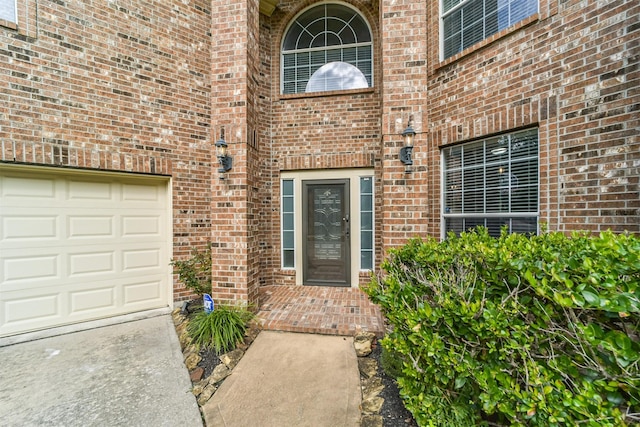 view of exterior entry featuring a garage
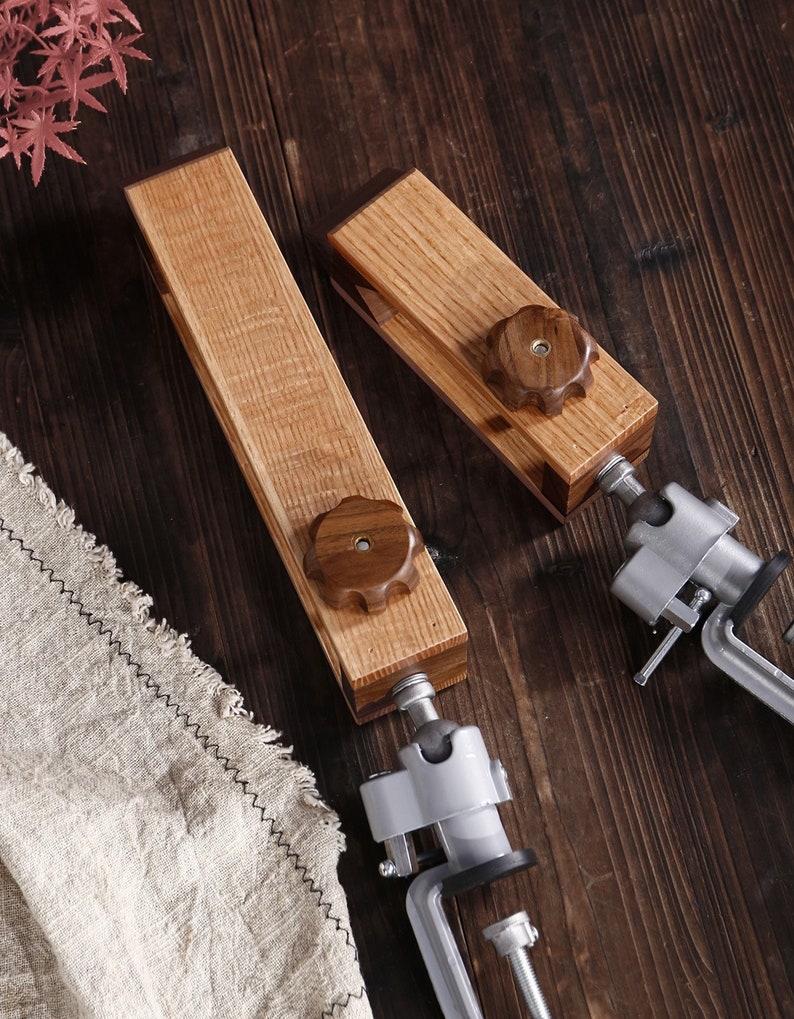 K&ouml;nnte beinhalten: Zwei Holzspanner mit Metallbacken und Holzgriffen. Die Spanner sind aus hellem und dunklem Holz gefertigt und haben eine nat&uuml;rliche Oberfl&auml;che.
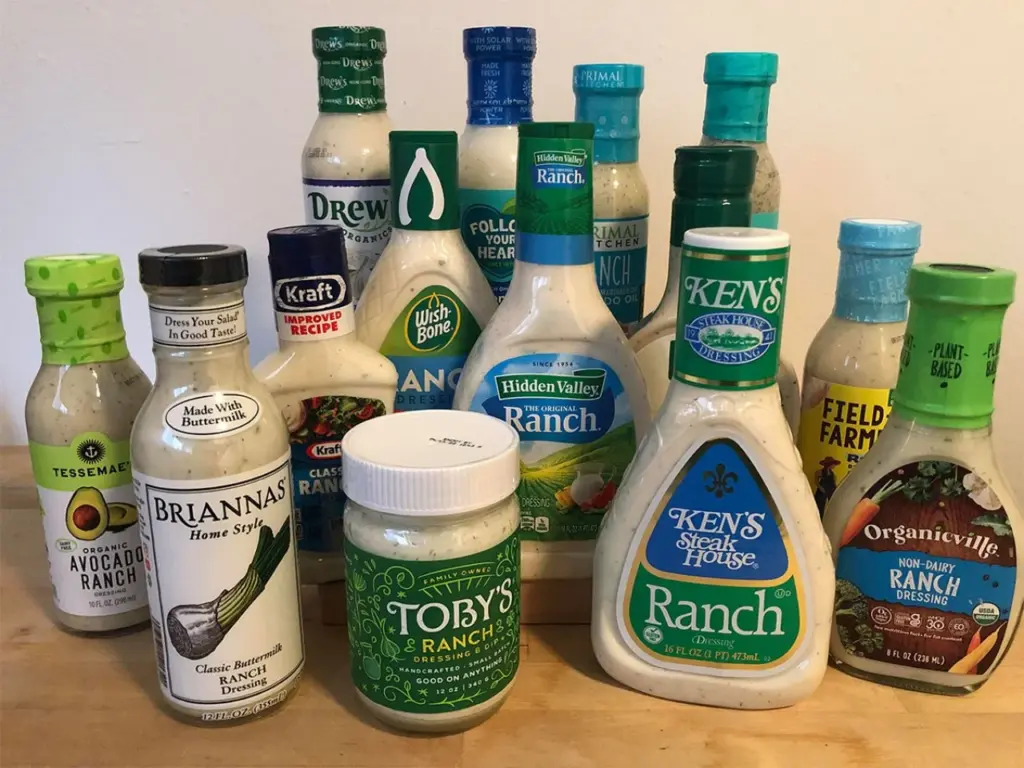 An assortment of various brands and types of ranch dressing bottles arranged on a surface.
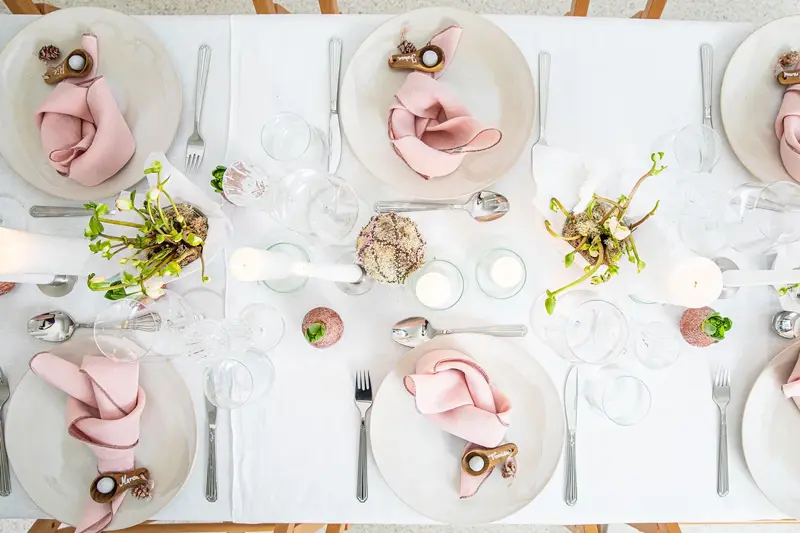 Langbord dekker til gjester med rosa servietter og grønn naturlig dekorasjon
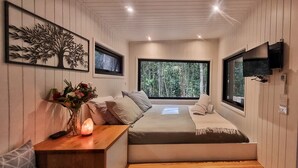 Een slaapkamer met een bed, een nachtkastje, een vaas met bloemen, een zoutlamp en een groot raam met uitzicht op een bos.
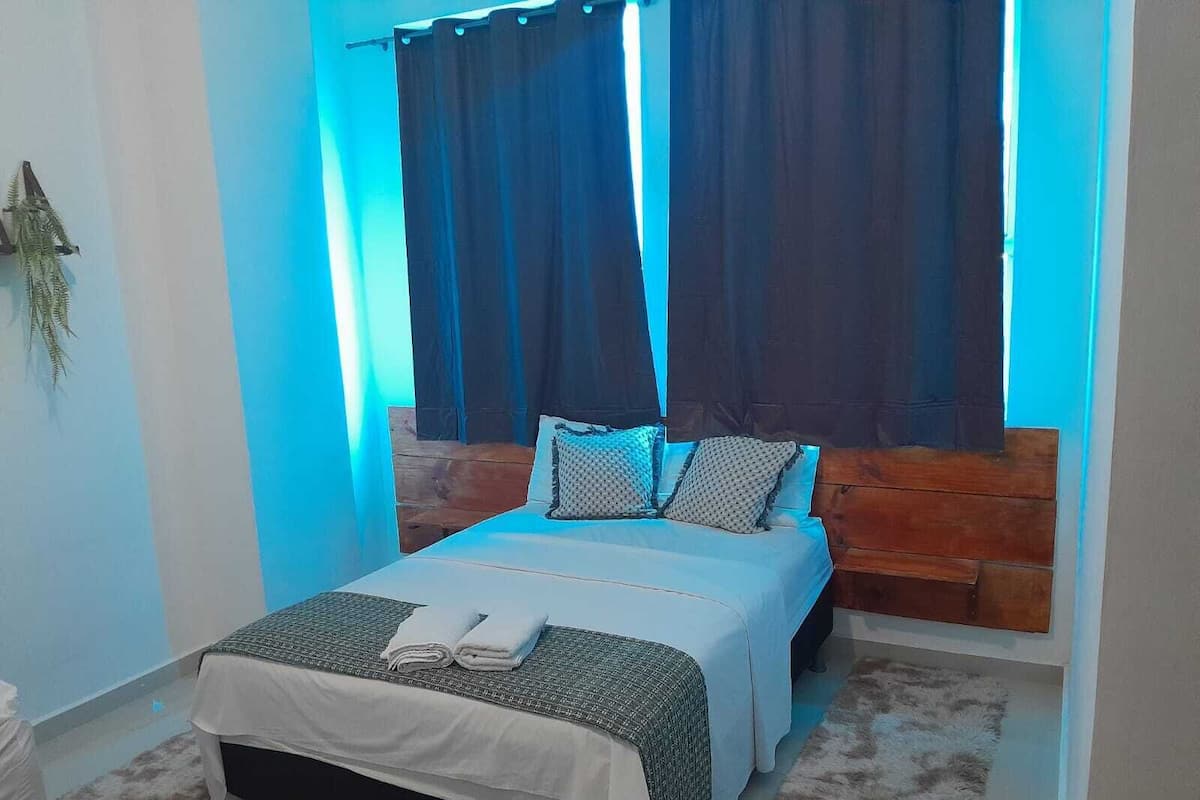 A bedroom with a wooden headboard, a bed with white bedding, two pillows, and a blanket.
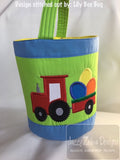 Tractor pulling cart of easter eggs applique machine embroidery design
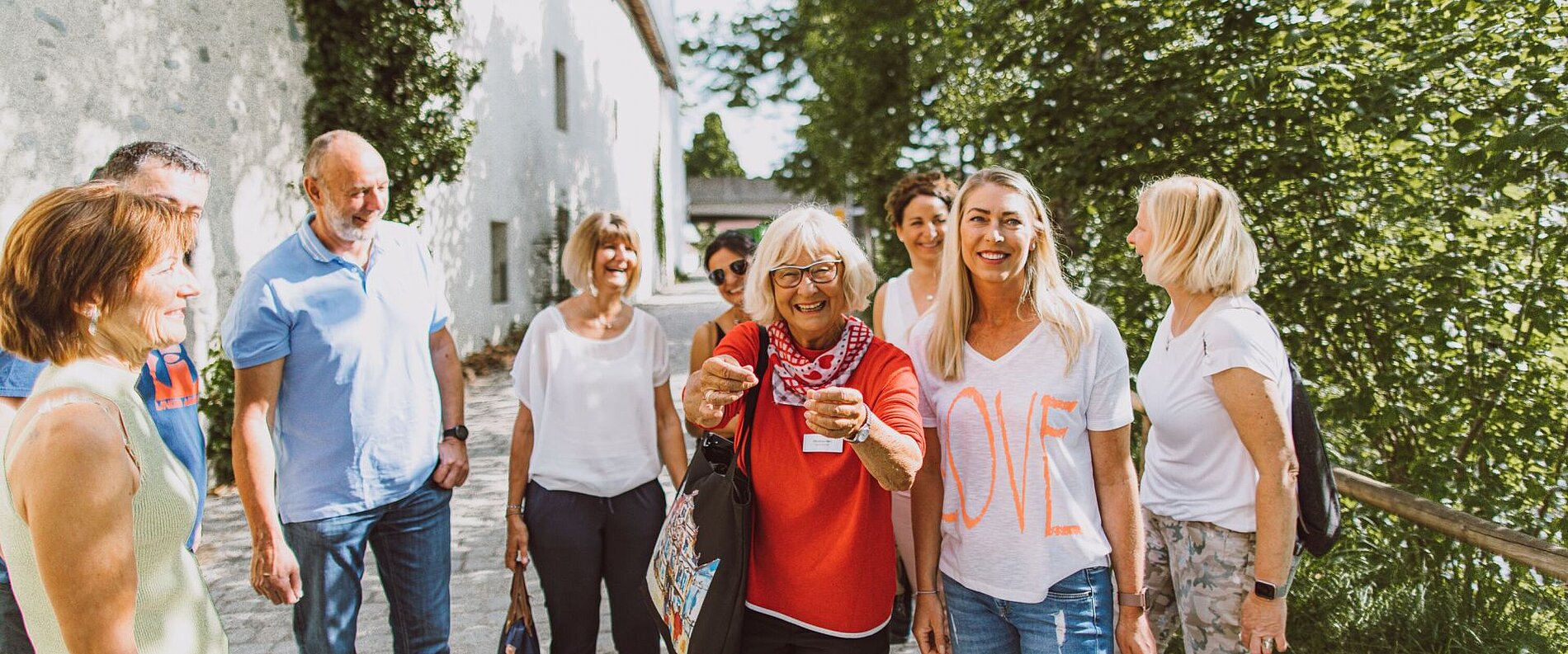 Eine Gruppe von zehn Personen steht in einem grünen Außenbereich. Einige Lächeln und unterhalten sich, während eine Dame mit Brille und rotem Oberteil eine Tasse hält. Im Hintergrund ist ein helles Gebäude und Bäume zu sehen. Die Atmosphäre wirkt freundlich und entspannt.
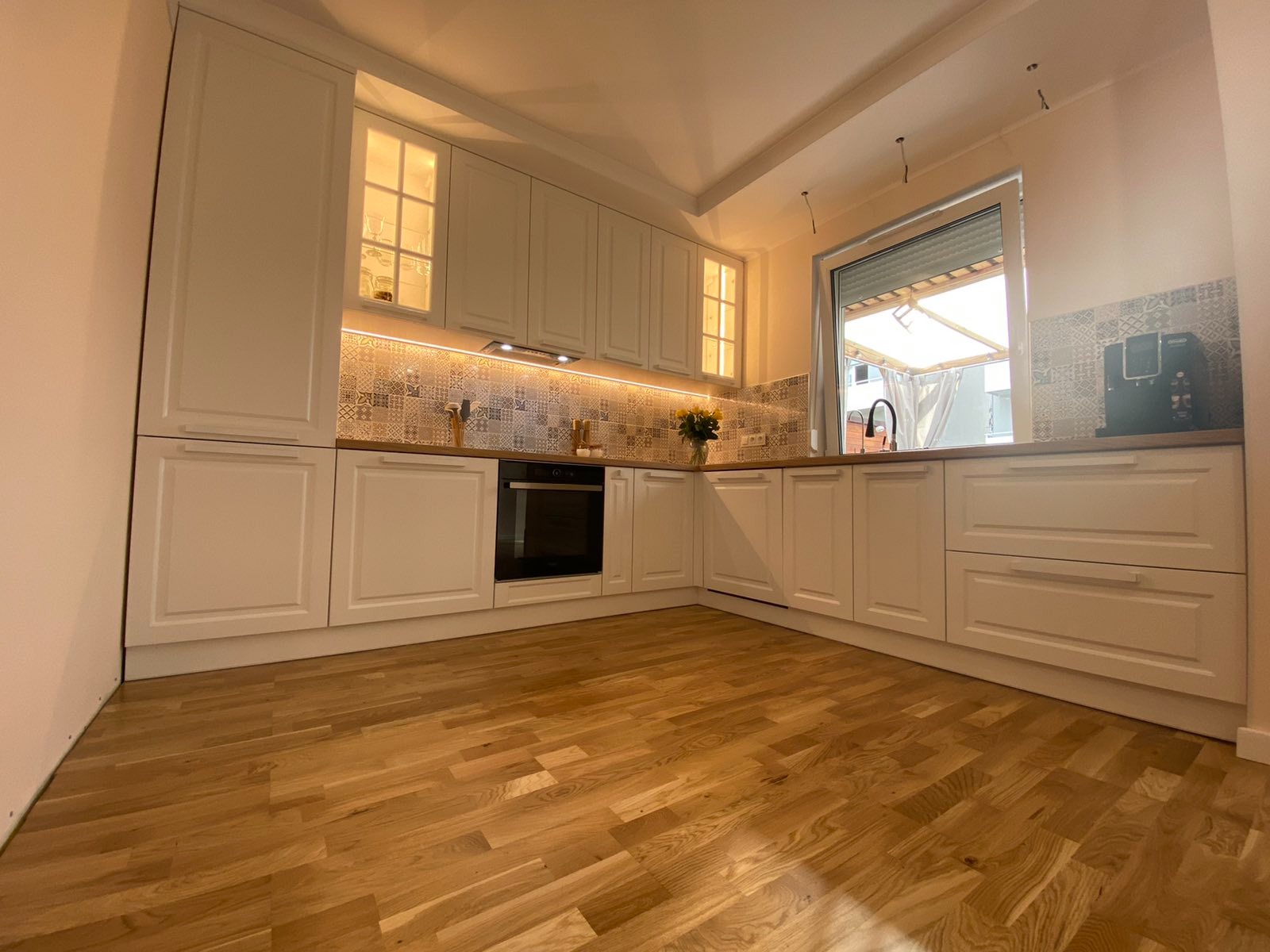 Jasna kuchnia z białymi frontami, drewnianym blatem i podświetleniem LED nad blatem, widok na drewnianą podłogę i okno z roletą zewnętrzną.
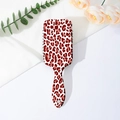 Detail view of red leopard print air cushion hairbrush with black bristles on white backdrop - Reddish Brown Leopard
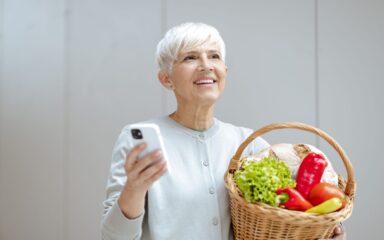 Beautiful senior woman holding basket full of fresh vegetables and using smart phone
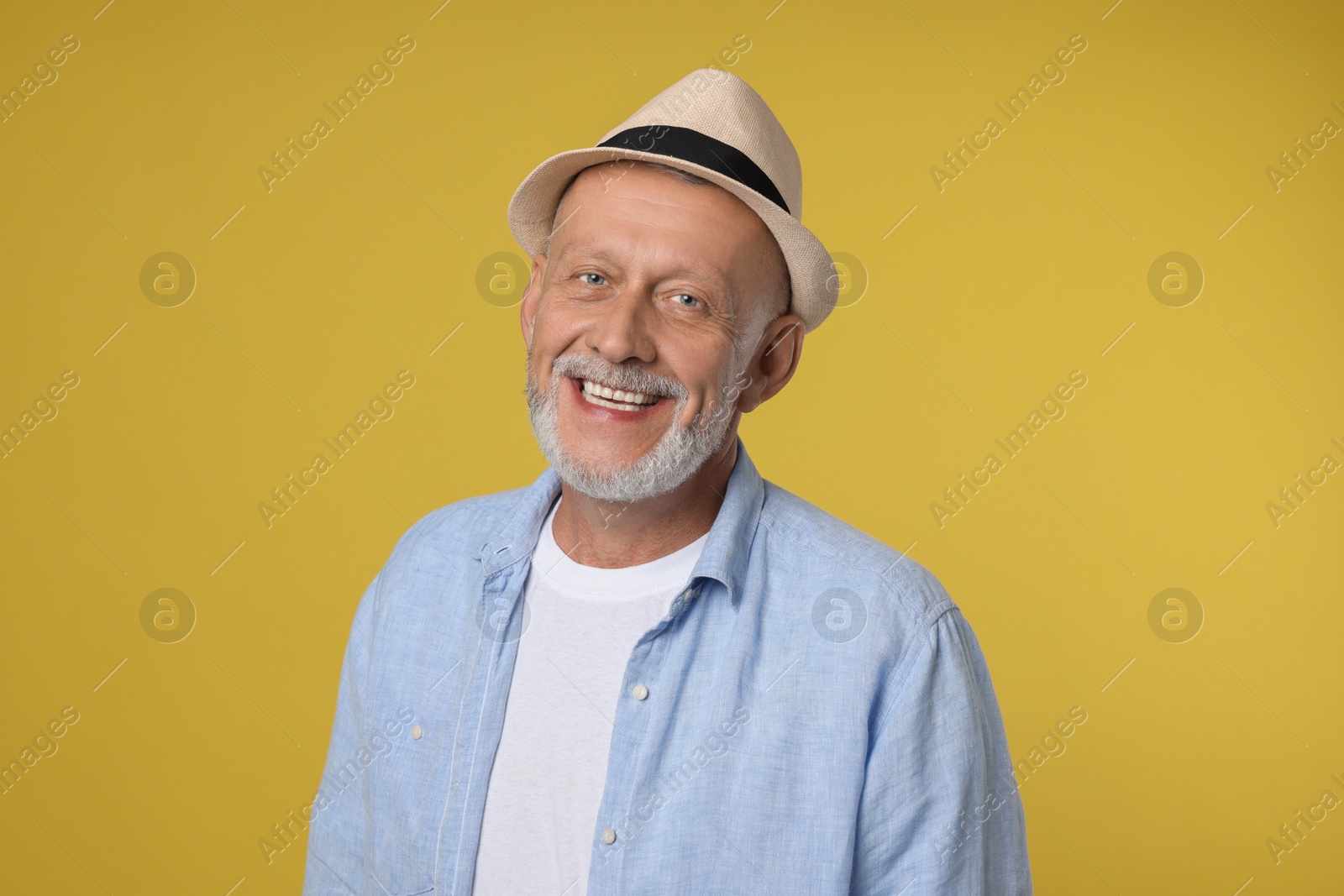 Photo of Portrait of happy senior man on yellow background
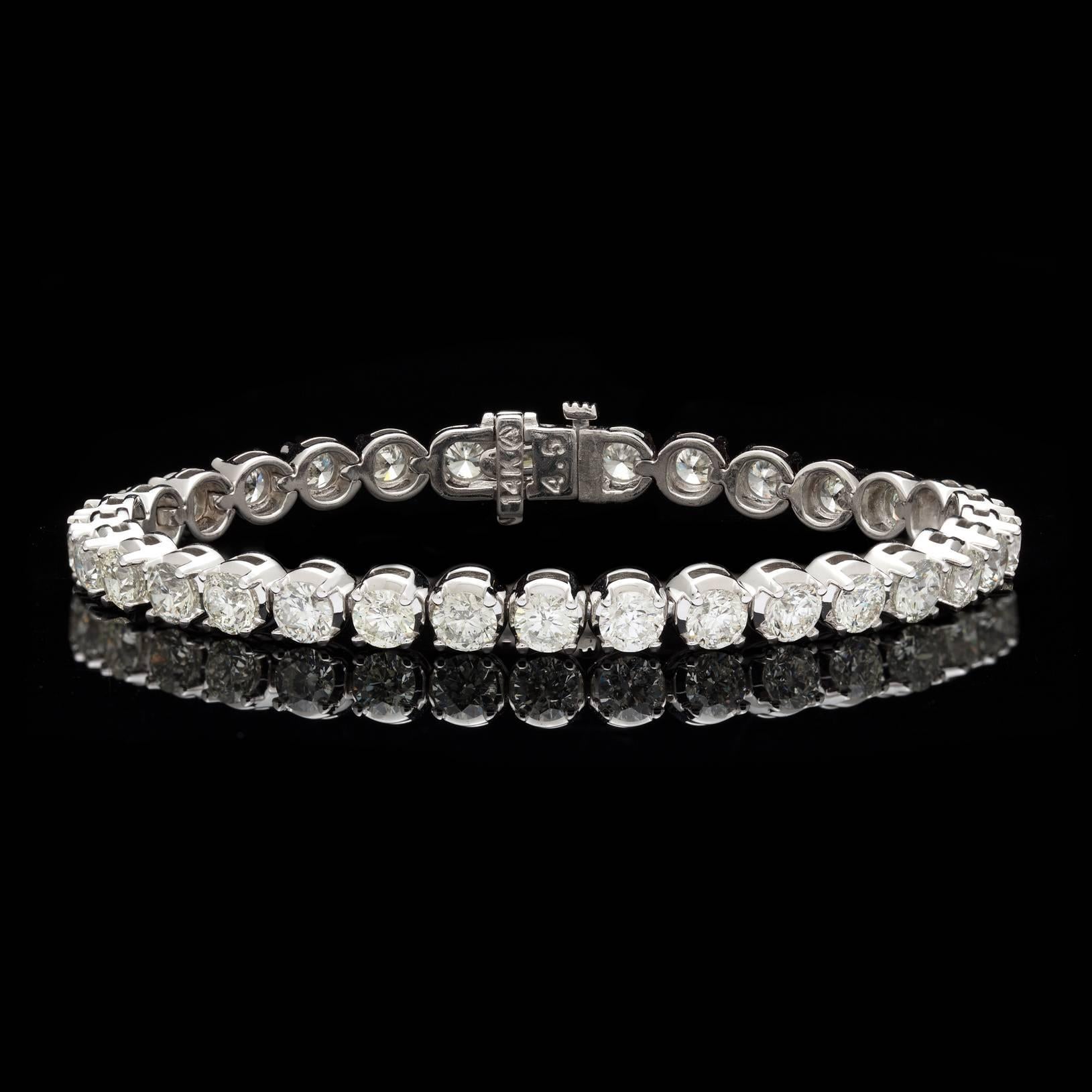 Impressive Diamond Tennis Bracelet featuring 32 fine Round Brilliant Cut Diamonds for a total weight of 12.70 carats. The diamond have phenomenal sparkle and fire, averaging H/I color and SI clarity. At 20.9 grams this 14kt White Gold beauty has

☆ ☆ ☆ ☆ ☆ ☆ ☆

_Task requirements_. Find where the line with "Een slaapkamer met" sits in the material above and where the line with "Beautiful senior woman" sits. Set down exactly the lines from the first to the second, both included and nothing else, without pictures.

_Solved exercise_.
 Een slaapkamer met een bed, een nachtkastje, een vaas met bloemen, een zoutlamp en een groot raam met uitzicht op een bos.
 A bedroom with a wooden headboard, a bed with white bedding, two pillows, and a blanket.
 Tractor pulling cart of easter eggs applique machine embroidery design
 Eine Gruppe von zehn Personen steht in einem grünen Außenbereich. Einige Lächeln und unterhalten sich, während eine Dame mit Brille und rotem Oberteil eine Tasse hält. Im Hintergrund ist ein helles Gebäude und Bäume zu sehen. Die Atmosphäre wirkt freundlich und entspannt.
 Jasna kuchnia z białymi frontami, drewnianym blatem i podświetleniem LED nad blatem, widok na drewnianą podłogę i okno z roletą zewnętrzną.
 Detail view of red leopard print air cushion hairbrush with black bristles on white backdrop - Reddish Brown Leopard
 Beautiful senior woman holding basket full of fresh vegetables and using smart phone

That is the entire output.